Srishti Agnihotri and Minakshi Das
This article was originally published on Kafila and can be accessed here
With the enactment of the Protection of Children from Sexual Offences Act in 2012, and rising awareness among civil society groups, there is an unprecedented momentum regarding protecting our children from sexual abuse. Issues that were earlier being brushed under the carpet, are now being openly addressed. We thought this was a good time to talk about the progress of the POCSO Act. Has it lived up to its promise? What more do we need to do to make this legislation effective in the fight against sexual violence?
The Protection of Children from Sexual Offences Act (‘POCSO Act’) was enacted in the year 2012 with the aim to protect children from sexual offences, such as, sexual assault, sexual harassment and pornography. This Act also provides for the establishment of special courts for trial of child sexual abuse matters. In the past decade, India has recorded an alarmingly high level of sexual assault cases on children. While, the Government of India has made a sincere attempt to address the issue of sexual exploitation of children through the POCSO Act, the impact of the legislation remains to be seen.

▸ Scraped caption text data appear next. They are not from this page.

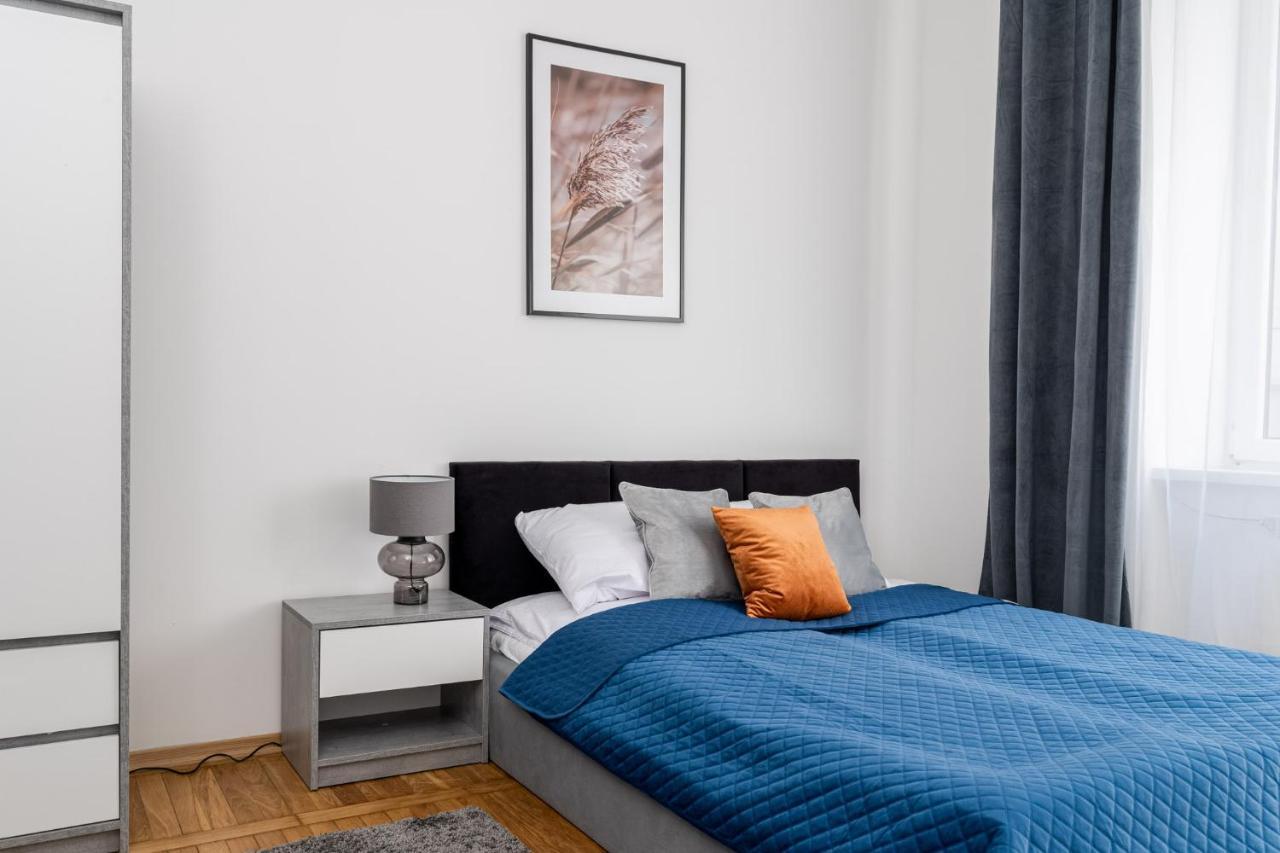 Corner Apartments Near Vistula River Красков Екстериор снимка
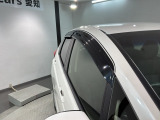 当社の車両には『安心して車選びをしていただくために』お支払い総額を表示しております。税金、自賠責保険料、登録費用、リサイクル料金が含まれており、県内登録及び届出で店頭納車の場合になります。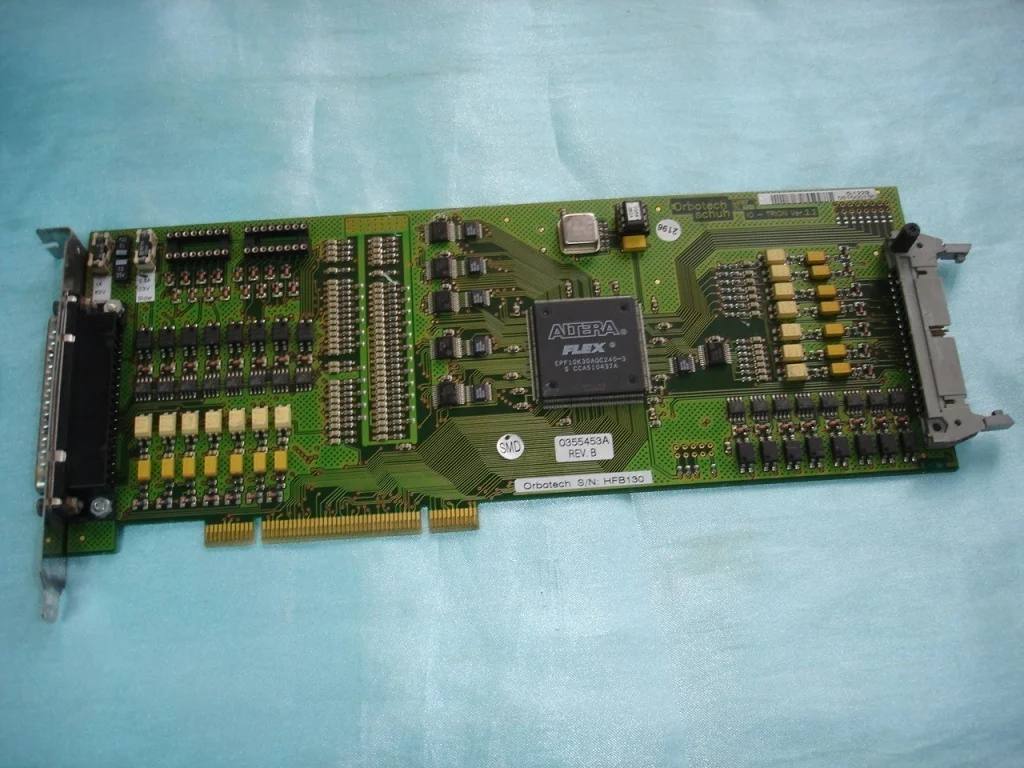 Industrial equipments special card PCI interface Orbotech schuh IO-TRION VER 2.2 0355453A REV.B
Industrial equipments special card PCI interface Orbotech schuh IO-TRION VER 2.2 0355453A REV.B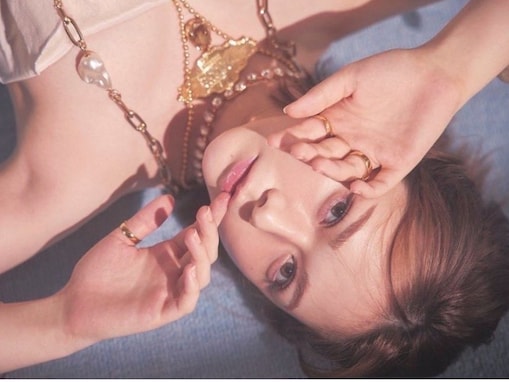 「ビジュ大爆発やん！」村重杏奈、色っぽショットに大反響！ 「美しすぎて眩しい」「ビジュの限界がない」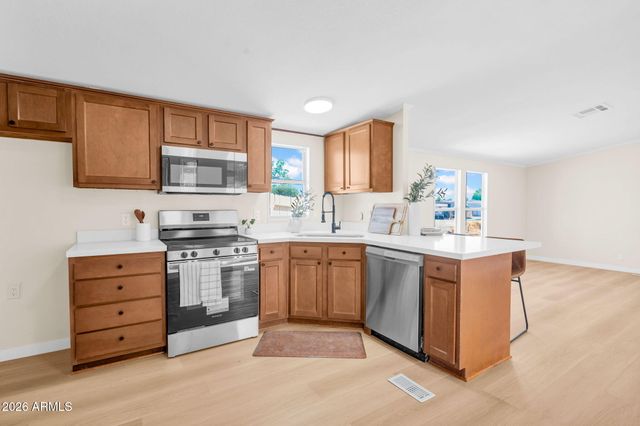 322 E WAGONER Road, Phoenix, AZ 85022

Although the POCSO Act contains a mechanism, well equipped to handle cases of child sexual abuse, its implementation has been mired in malpractices and outdated legal proceedings. It is imperative to conduct a critical empirical assessment of the implementation mechanism envisaged under the POCSO Act. This article is a step in that direction. Such an article will help to assess the effectiveness of the Act, identify the implementation gaps, and suggest policy recommendations to plug these gaps. An example of the implementation gap is the fact that there are a total of 200-600 cases of sexual offences pending in each of the designated courts in the capital. Further only two of the District Court complexes have a vulnerable witness room, for the recording of evidence of child witnesses.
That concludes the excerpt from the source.